» **What is being asked**: Please transcribe the line with "Cornus controversa 'Variegata'" and the lines after it through the end of the listing below, keeping both ends and nothing more.

:::

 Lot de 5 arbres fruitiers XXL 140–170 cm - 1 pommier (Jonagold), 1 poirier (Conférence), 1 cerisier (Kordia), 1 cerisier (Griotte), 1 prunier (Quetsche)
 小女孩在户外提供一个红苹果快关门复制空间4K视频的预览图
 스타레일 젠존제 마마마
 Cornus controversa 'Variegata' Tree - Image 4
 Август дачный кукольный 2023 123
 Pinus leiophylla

:::

» **Result**:
 Cornus controversa 'Variegata' Tree - Image 4
 Август дачный кукольный 2023 123
 Pinus leiophylla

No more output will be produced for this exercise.